*EXTRACTED MATERIAL*
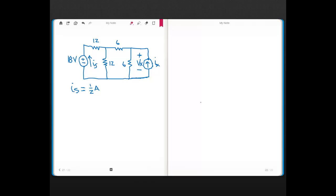We're told that the source current Ix, which is this 18 volt source, is half an amp. That half amp is flowing into the node that connects the plus side of the voltage source to the 12 ohm. The current through this 18 volt source and this 12 ohm resistor will be the same, since current into a node equals current out — this is a series connection.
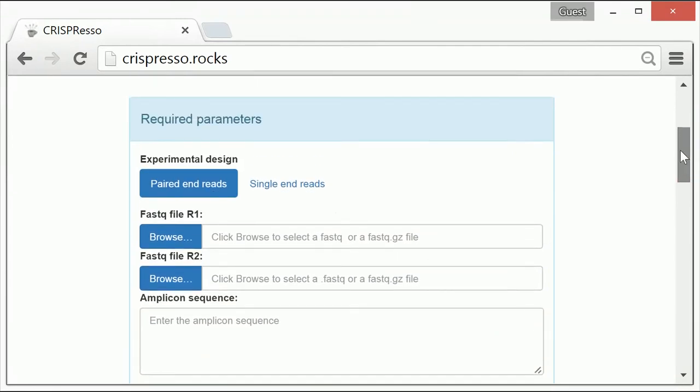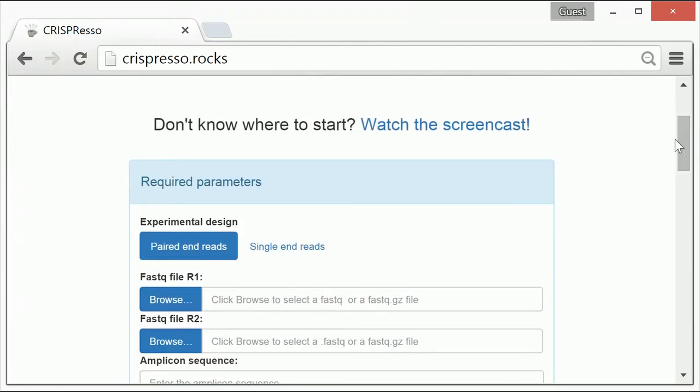Let's start with the required parameters. In order to run CRISPResso, you minimally need three things. The first is to select the type of sequencing data you have, either paired-end or single-end reads.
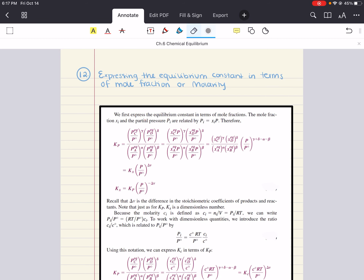Hello, everybody. My name is Iman. Welcome back to my YouTube channel. Today, we're going to go ahead and cover the last two sections of Chapter 6, and we'll start with this section: expressing the equilibrium constant in terms of mole fraction or molarity.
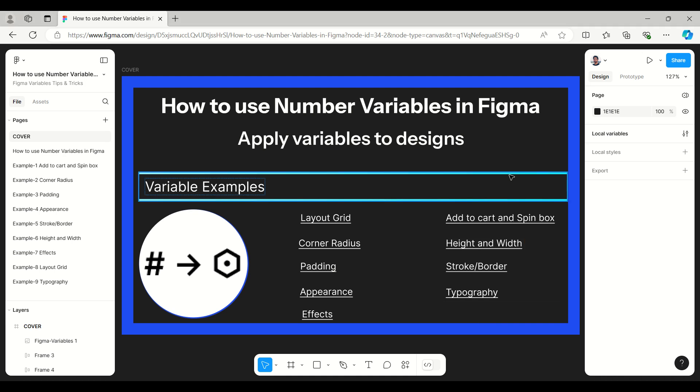Hello everyone, welcome to the Figma Tips and Tricks tutorial. Today I'm going to talk about how to use number variables in Figma, or how to apply variables to design in Figma. Here I have an example that covers all the elements where we are using variables — number variables applied in layout grid, corner radius, padding, appearance, effects, add to cart, spin box, height and width, stroke or border, and typography.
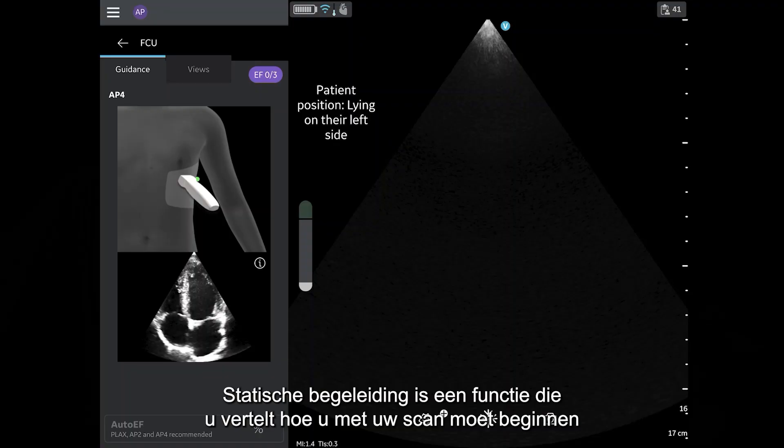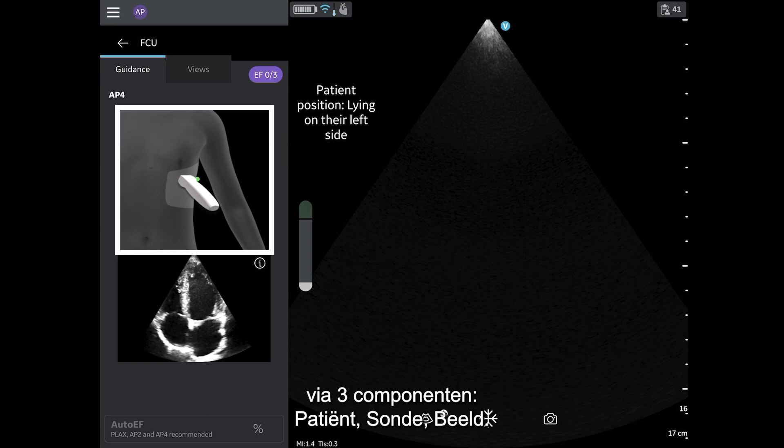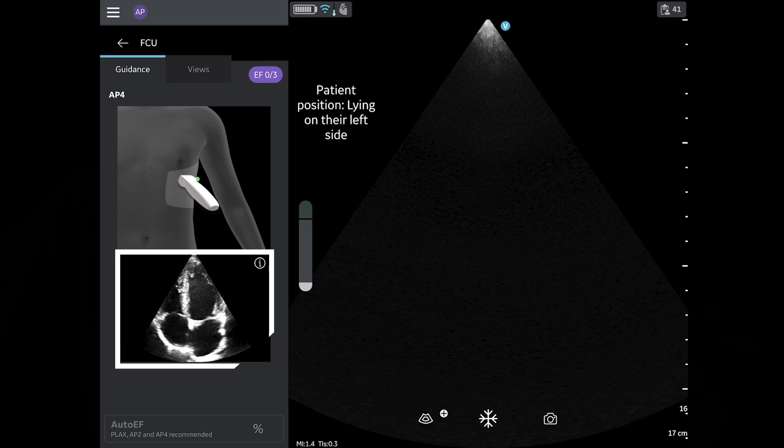Static guidance is a feature that informs you of how to begin your scan through three components: patient, probe, and picture.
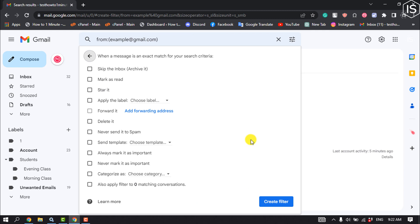A second window will pop up asking you what specific folder you would like to send the email to automatically. So here, select Delete It and click on Create Filter.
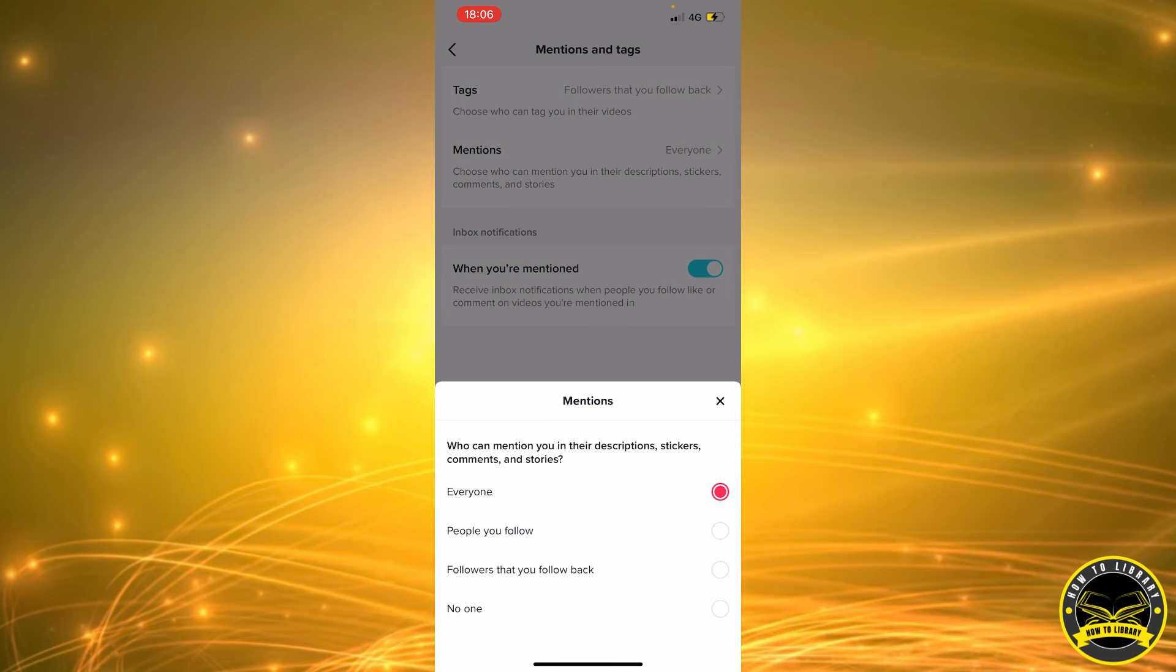We don't want everyone to mention and spam us. So let's go ahead and set this to followers that you follow back or your friends too.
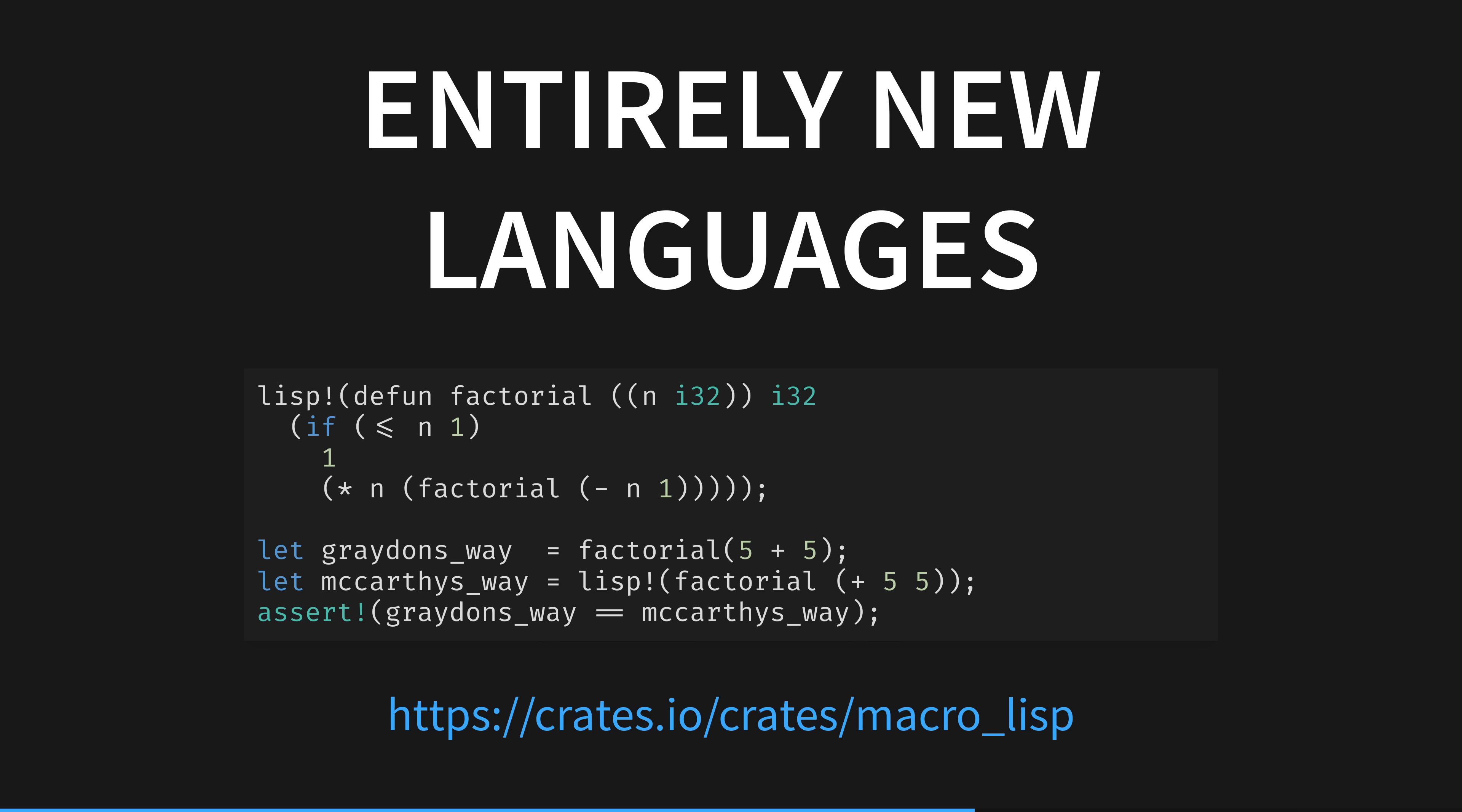In this example, rust code looks like it can call lisp code, and lisp can call rust, because what is happening is that it's all being compiled down to normal rust function syntax before being fed into the regular compiler. Let me break it a bit.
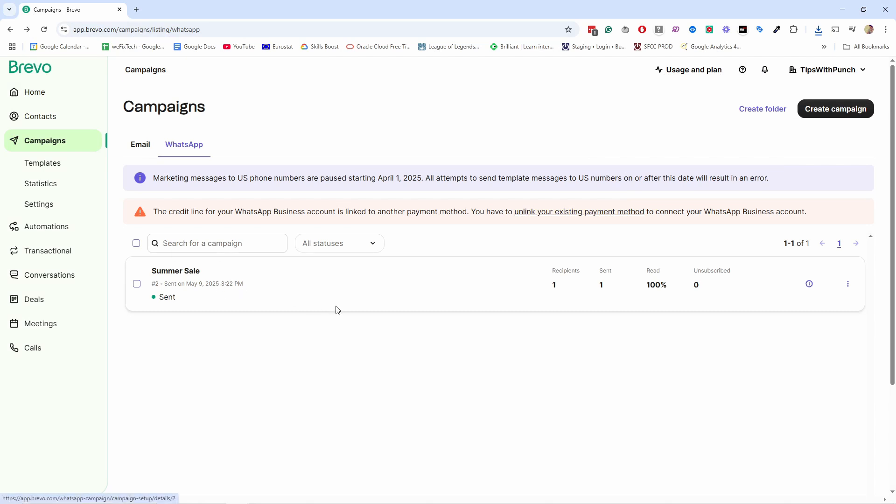The cool thing here is that you're able to see how many recipients were sent to and how many people actually read your message — it's all really valuable information for your campaigns. This is a new way to reach your clients, but use it sparingly, because WhatsApp is more personal than email, so you need to be careful not to abuse it. Now you know how to send WhatsApp campaigns in Brevo. The next step is to learn the most powerful feature of Brevo — automation. They can be tricky when starting out, so watch the next video where I'll teach you step by step how to use automations in Brevo.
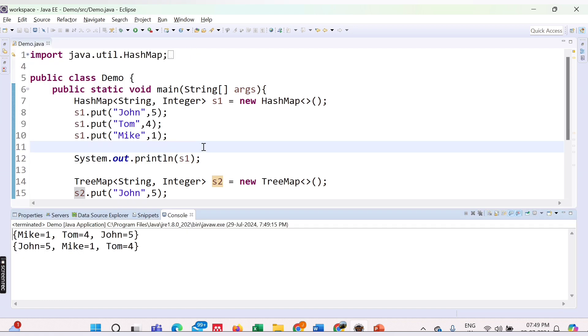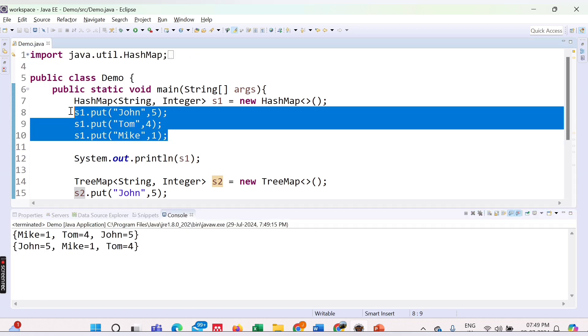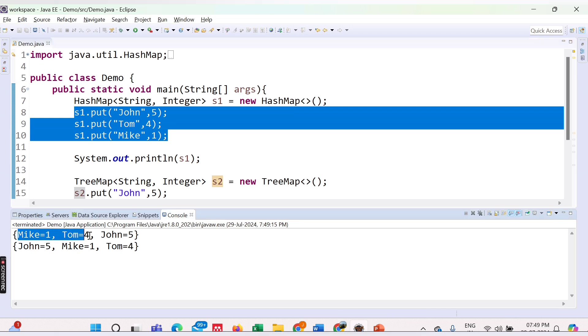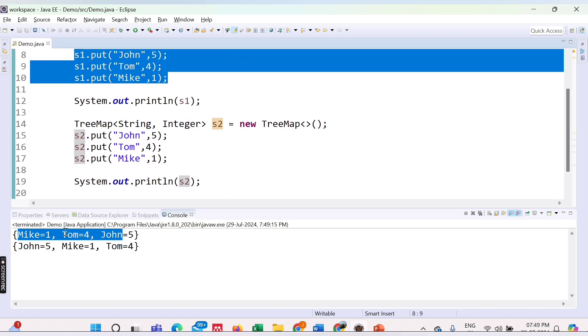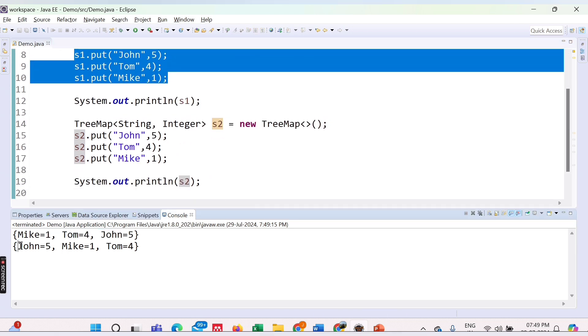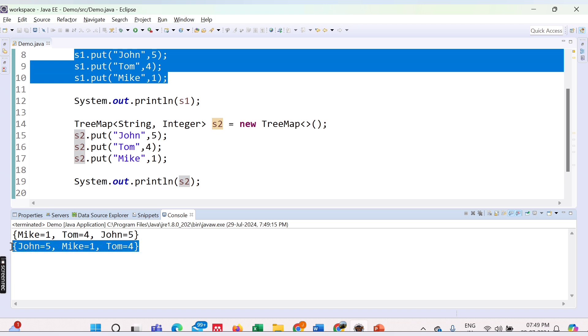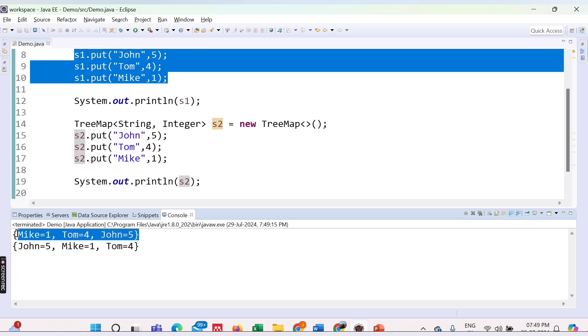Here you could see HashMap is not printing in the same order in which we inserted. First we entered John, Tom, Mike, but we are getting Mike, Tom, John. In TreeMap you could see the values are in ascending order of key. First J, then M, then T. This is the sorting order for TreeMap, but in case of HashMap it is unordered.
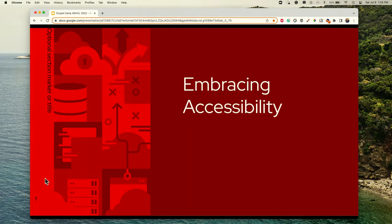How do we embrace accessibility? First we have to understand what it means. In the context of this talk, it's really about making sure your content is rich and can be accessed across digital assets—and when we talk about digital assets, it's not just websites, it's our applications, our games, our VR. Accessibility is for all of those things.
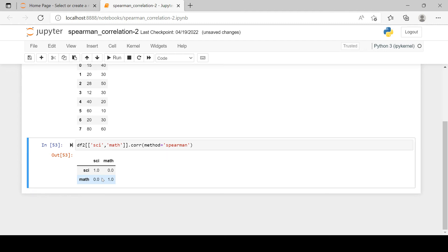So we just learned how to find the Spearman rank correlation when the ranks are repeated. In the next video we're going to do a comparative analysis of Spearman rank correlation and Pearson correlation coefficient — evaluating which one to use and when, and how to apply it in data science for feature selection and more. Until then, happy learning!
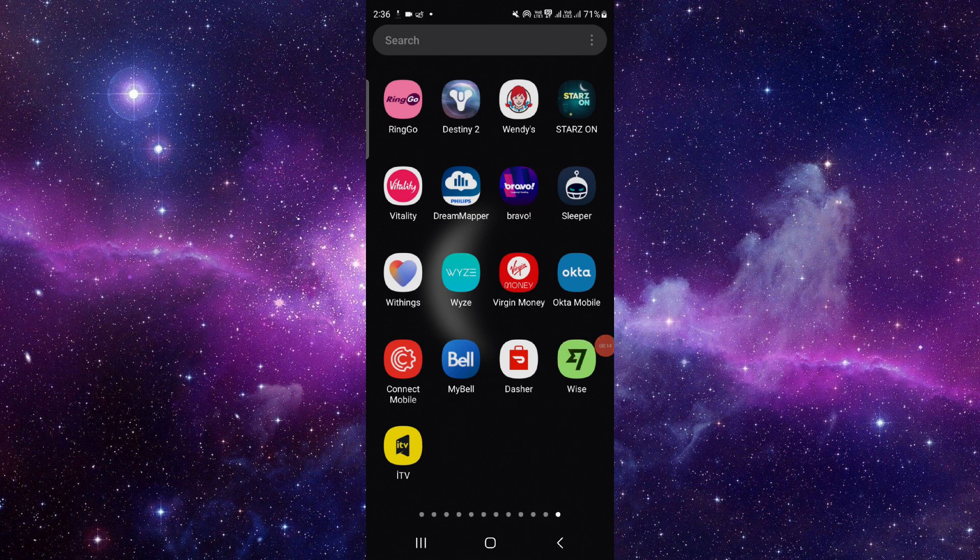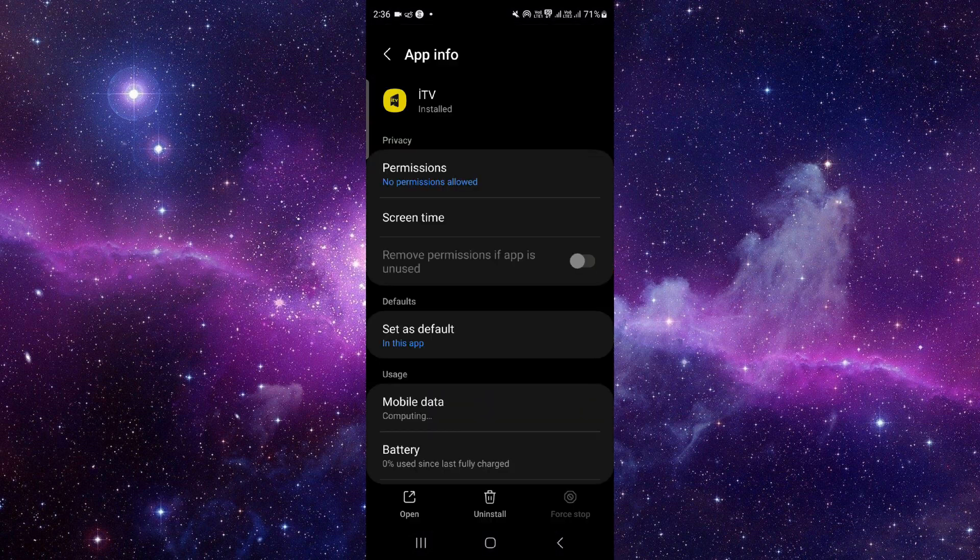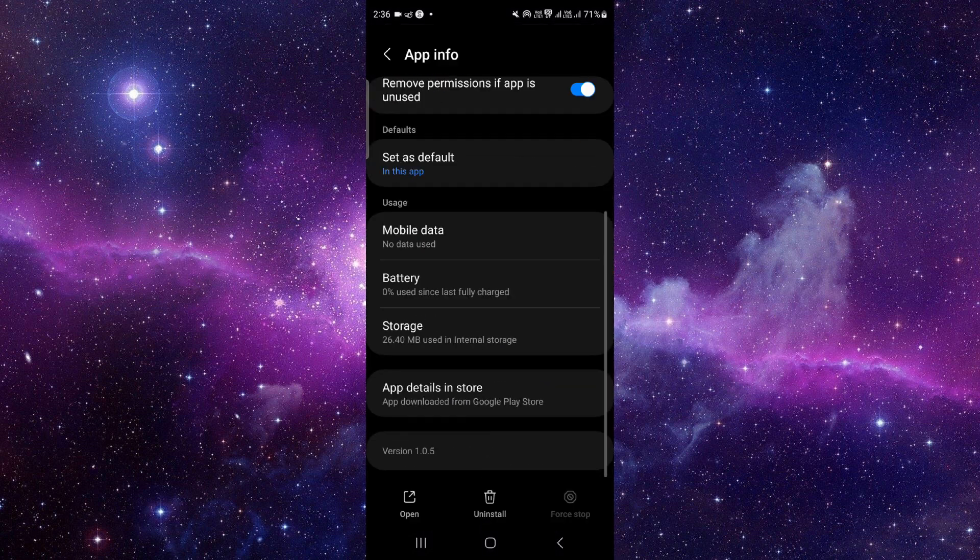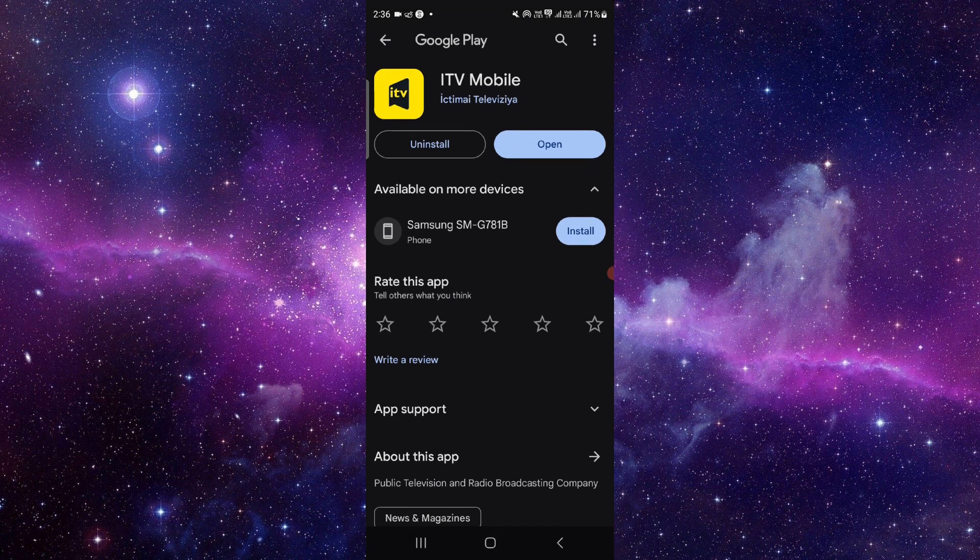You have to press and hold it. Here, click on this i button. It will open the app info section of this app. From here you have to go to the last second option.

*WORK INSTRUCTIONS*
In the data above, take the line with "Static guidance is", the line with "The cool thing", and every line between, and set them down exactly without pictures.

*RESULT OF THE TASK*
Static guidance is a feature that informs you of how to begin your scan through three components: patient, probe, and picture.
A second window will pop up asking you what specific folder you would like to send the email to automatically. So here, select Delete It and click on Create Filter.
We don't want everyone to mention and spam us. So let's go ahead and set this to followers that you follow back or your friends too.
In this example, rust code looks like it can call lisp code, and lisp can call rust, because what is happening is that it's all being compiled down to normal rust function syntax before being fed into the regular compiler. Let me break it a bit.
The cool thing here is that you're able to see how many recipients were sent to and how many people actually read your message — it's all really valuable information for your campaigns. This is a new way to reach your clients, but use it sparingly, because WhatsApp is more personal than email, so you need to be careful not to abuse it. Now you know how to send WhatsApp campaigns in Brevo. The next step is to learn the most powerful feature of Brevo — automation. They can be tricky when starting out, so watch the next video where I'll teach you step by step how to use automations in Brevo.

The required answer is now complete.